A localidade está situada em território acreano, mas integra a área de jurisdição de Boca do Acre, exigindo atuação conjunta entre órgãos dos dois estados.
A operação foi realizada nos dias 14 e 15 de julho. Durante o deslocamento, as equipes enfrentaram estradas em condições precárias e, em alguns trechos, precisaram seguir a pé para chegar à residência onde estavam as crianças.
Segundo os órgãos envolvidos, foram constatadas condições de extrema vulnerabilidade social. As crianças não possuíam documentação civil, estavam fora da escola e não havia comprovação de acompanhamento regular de saúde. Também foram identificadas condições precárias de moradia.
Diante da situação, o Conselho Tutelar aplicou a medida de acolhimento institucional prevista no Estatuto da Criança e do Adolescente (ECA). Três crianças foram encaminhadas ao Abrigo Institucional Raimunda Aparecida da Silva, onde passaram a receber atendimento especializado.

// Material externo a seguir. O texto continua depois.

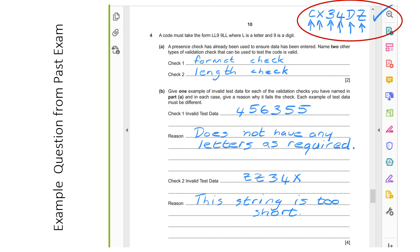Part B says: give one example of invalid test data for each of the validation checks you named in part A, and in each case give a reason why it fails the check. Each example of test data must be different. For check one (format check), invalid test data is '456355' — we've only put digits here, no letters at all — and the reason it's not valid is it does not have any letters as required. For check two (length check), the invalid test data is 'ZZ34X' — a code of only five characters — and the reason it's not valid is the string is too short.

O caso foi encaminhado ao Poder Judiciário, que acompanhará o processo e avaliará as medidas necessárias para garantir a proteção integral das crianças, incluindo a análise da situação familiar.
A ação contou ainda com o apoio do Conselho Tutelar de Sena Madureira, cuja participação auxiliou na articulação entre os órgãos responsáveis pela proteção da infância na região.
O caso evidencia os desafios enfrentados pela rede de proteção na Amazônia, onde longas distâncias, dificuldades de acesso e comunidades isoladas tornam mais complexa a apuração de denúncias e o atendimento de situações de risco envolvendo crianças e adolescentes.